* Given information:
▬▬▬

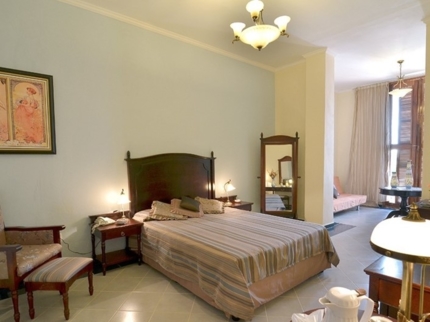 Junior Suite Room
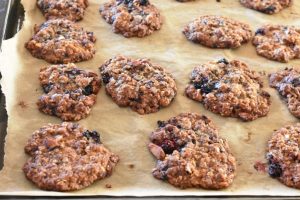Cookies med brombær - sprøde brombærsmåkager
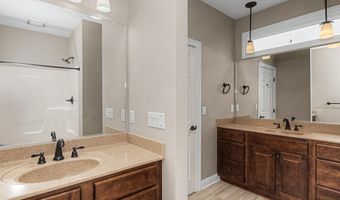 2715 Danbury Rd, Ames, IA 50010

▬▬▬

* Aim of the exercise: Please return only the lines running from the line with "Cookies med brombær - sprøde brombærsmåkager" to the final line of the data, both included, exactly and without any pictures.

* Answer to this task:
Cookies med brombær - sprøde brombærsmåkager
 2715 Danbury Rd, Ames, IA 50010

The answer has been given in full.